The context of The Leigh UTC and Inspiration Academy is unique. The local (urban) area suffers from high deprivation, where the largely white British students often have low aspirations. Our intake is boy-heavy and high SEND; students often begin school with low literacy levels, low resilience and other disadvantages. 

The English Department’s curriculum combats apathy and makes the study of English Language and English Literature relevant to everyone, providing the communication skills and cultural capital that will enable learners at The Leigh UTC and Inspiration Academy to become literate, independent (STEM) professionals in the future. Further, we equip students to continue the study of English in their future lives. 

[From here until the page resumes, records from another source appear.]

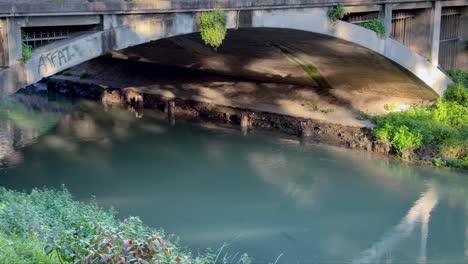 Water under the bridge with sun reflections. Corso Milano in Italy with Tronco Maestro canal
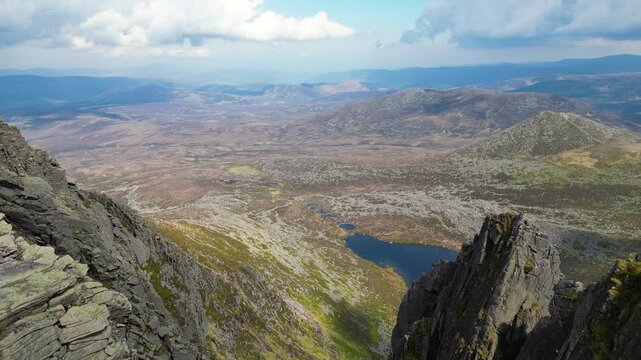 Aerial reveal of Loch Nagar and surrounding Cairngorms national park of Scotland landscape from mountaintop cliff viewpoint. 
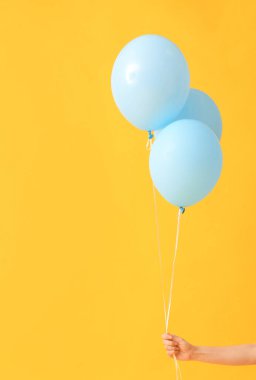 Arka planda hava balonları olan insan eli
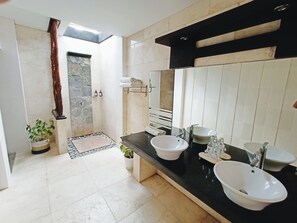 Een aparte badkuip en douche, een diep bad, een regendouche
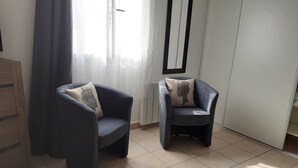 Two dark armchairs with patterned cushions in a room with tiled flooring, a window with sheer curtains, and a white wardrobe.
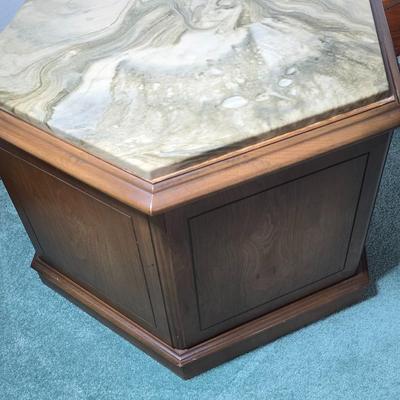 MCM hexagonal wood end table with a marble top and internal storage.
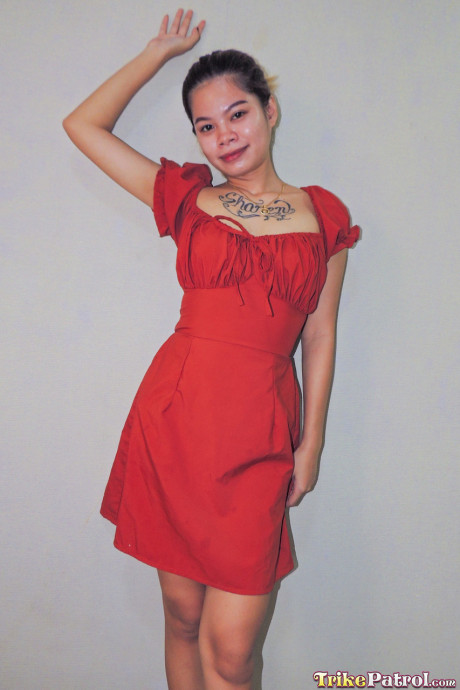 Amateur asian young Krisha Alejos shows her tattoos and body in a solo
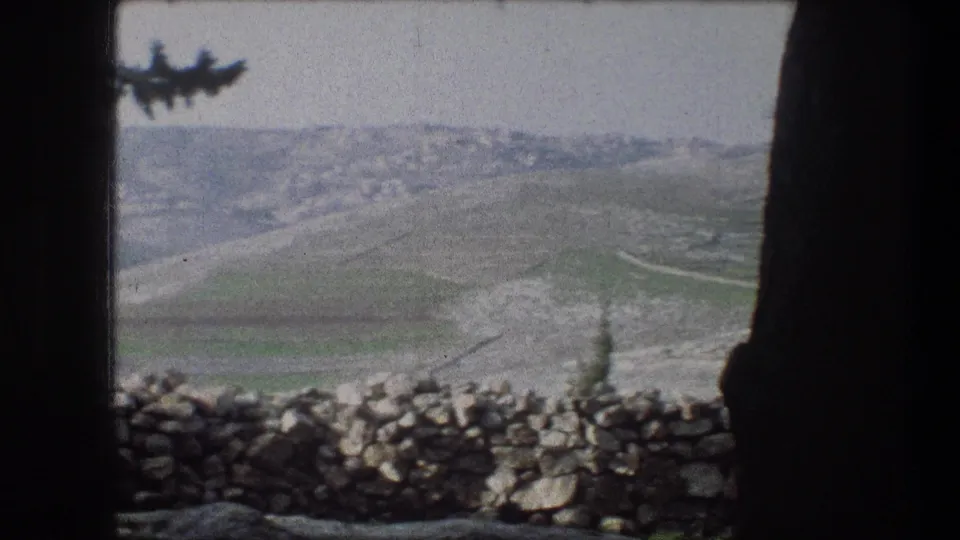 1976 8mm frame of Bethlehem-area hills with a low stone wall in the foreground and distant clustered buildings on the ridge.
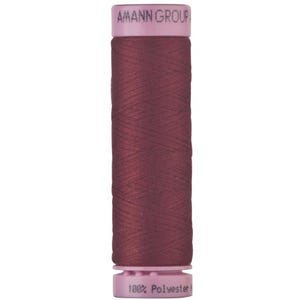 May include: A cylindrical spool of dark burgundy sewing thread with light pink plastic caps at the top and bottom. The top cap features the text AMANN GROUP and the bottom cap displays the text 100% Polyester in black lettering.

We are inclusive and informed by the IB Middle Years Programme philosophy: to develop inquiring, knowledgeable and caring young people who help to create a better world.’ We believe that we achieve this through providing learners with vocabulary, rich texts and the opportunities to develop their critical skills along with their empathy. 

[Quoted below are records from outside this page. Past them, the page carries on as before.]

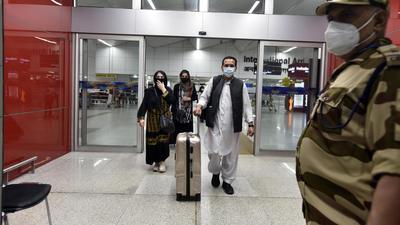 Passengers from Kabul, Afghanistan, arrive at T3 Indira Gandhi International Airport in New Delhi on Sunday, August 15. (Sanjeev Verma/HT photo) Passengers from Kabul, Afghanistan, arrive at T3 Indira Gandhi International Airport in New Delhi on Sunday, August 15. (Sanjeev Verma/HT photo)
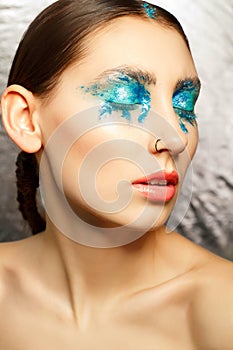 Portrait of young woman with fashion make up with blue eye wearing earring in her nose. Beauty concept.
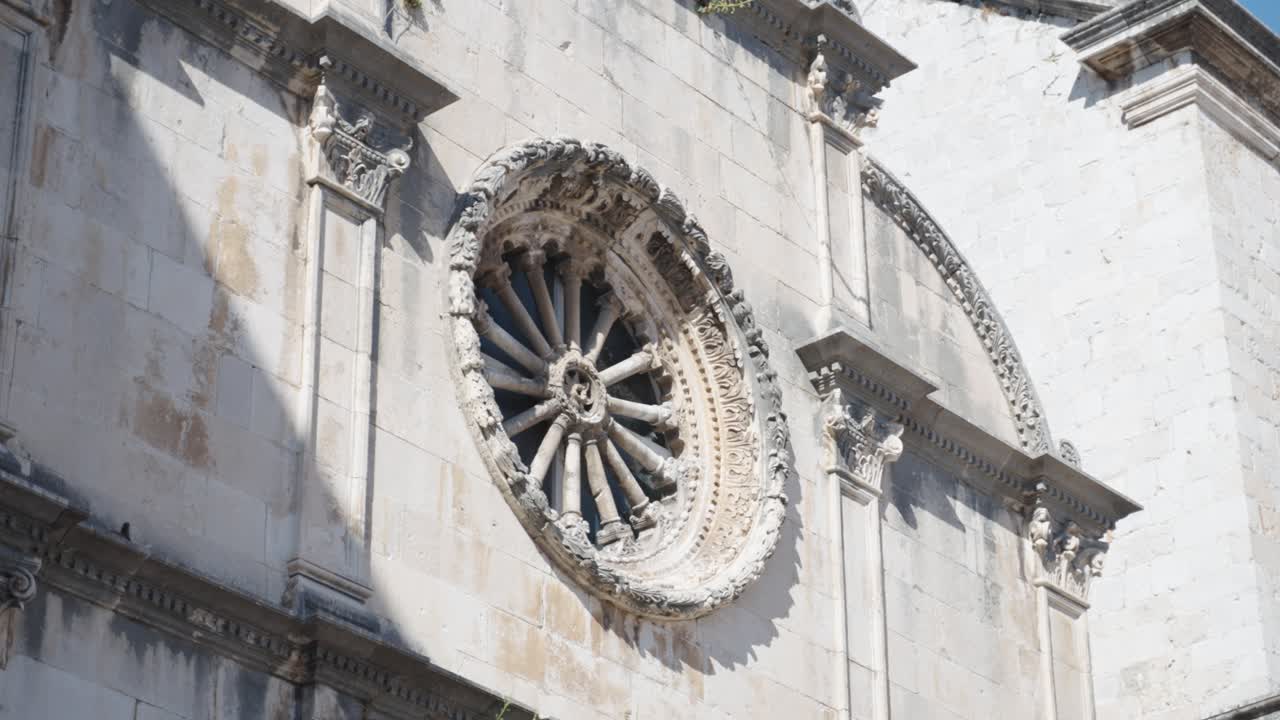 Close up on a large beutiful renaissance style window of the Franciscan Monastery Museum in Old Town of Dubrovnik Croatia near the entrance gate Pile on a bright summer day
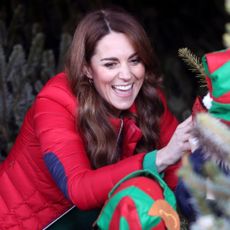 Kate Middleton wears a bright red puffer jacket as she poses with a Christmas tree and elf hats and King Charles laughs next to someone dressed as Santa Claus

Students in Years 7-9 develop skills in analysis, exploring how writers use language and structure effectively, and making links between texts and their contexts; this allows them to understand social and cultural diversity. Our students justify their opinions and ideas using relevant terminology, guiding them towards advocating for themselves and others in the future. These students connect and evaluate texts and ideas, fostering higher level thinking skills. Our KS3 students learn how to organise and support their ideas, and practise producing texts for different audiences, vital skills for later education and in the workplace. We explicitly teach students how to speak and write accurately, setting them up for working in formal contexts. Through KS3, we prepare them for the rigour of KS4, where they study prose, poetry, writings from the nineteenth century and Shakespeare.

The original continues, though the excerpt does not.